Imagine a World Without Credit Scores
What FICO Did for Lending, and Why AI Governance Is One Standard Away from the Same Transformation
T H E M E A S U R E D V I E W
AIQA Global’s series on the ideas, standards, and market forces shaping enterprise AI governance. In a field defined by speed and speculation, these articles offer something different: informed perspective grounded in the discipline of measurement. Because the organizations that will lead in AI are the ones that can prove it.
The Thought Experiment
A woman walks into a bank with three years of tax returns, a binder of customer references, a stack of contracts, and a pitch she has rehearsed countless times in the parking lot. She is asking for a $250,000 line of credit. The loan officer pours her coffee and starts asking questions.

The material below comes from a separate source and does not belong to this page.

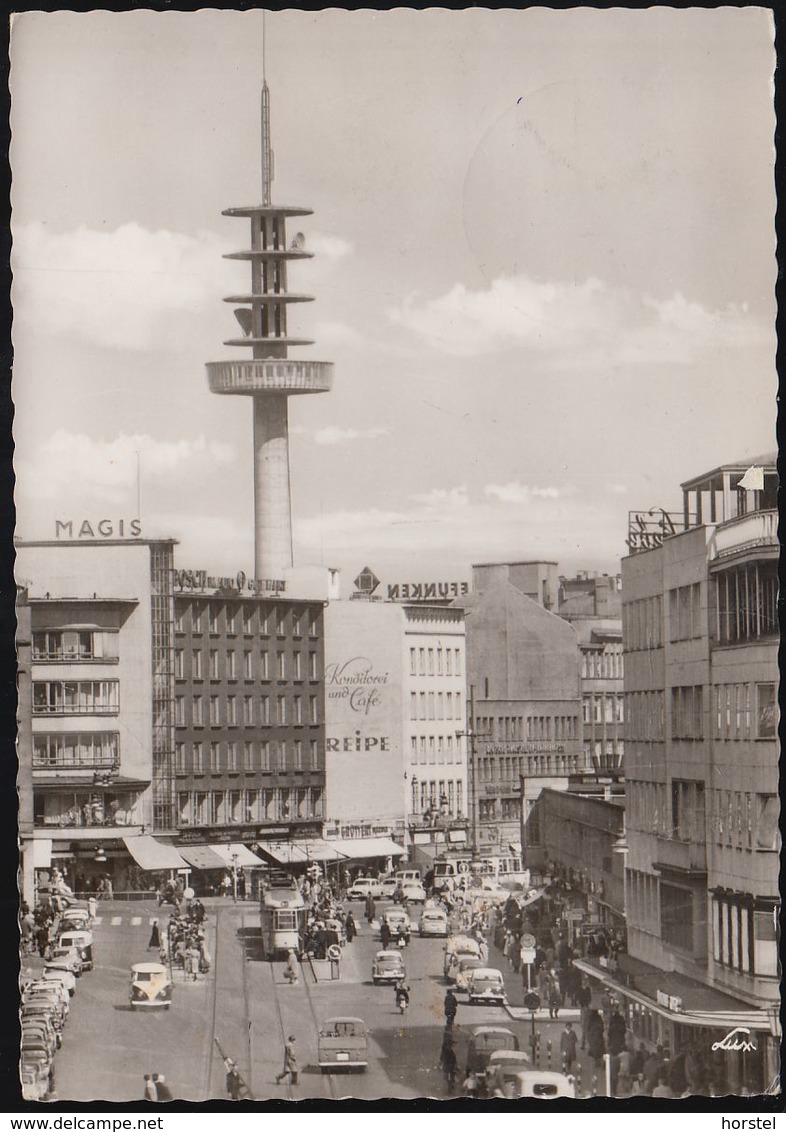 D-30159 Hannover - Blick In Die Bahnhofstraße - Cars - VW Bus - Tram - Straßenbahn (60er Jahre) - Hannover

In today’s world, the conversation is mostly theatre. Before she sat down, the bank pulled her FICO score, ran it through an underwriting model, and arrived at the answer the loan officer is in the room to deliver. In the imagined world—the one without credit scores—none of that has happened. The decision will turn entirely on the next forty minutes: the questions, her answers, his read on her character, whatever he privately decides her business is worth.
That afternoon she has another appointment, in Dallas, at a different bank. She tells the same story. A different officer asks different questions, weighs them differently, and reaches a different conclusion. If she is denied, no one will explain why. If she is approved, the rate she pays will reflect not the underlying risk of her business but the personal confidence of whoever happened to be in the chair across from her.
This is, in essential terms, how American small-business and consumer lending worked until the late 1980s. There was no FICO score. Decisions were made by individual loan officers reading individual files, and the answer you got depended a great deal on which officer happened to be on duty. The first widely available FICO score was introduced in 1989. Six years later, Fannie Mae and Freddie Mac adopted it for conforming mortgage underwriting.1 Within a single generation, three letters and three digits had become the bedrock of an entire financial system.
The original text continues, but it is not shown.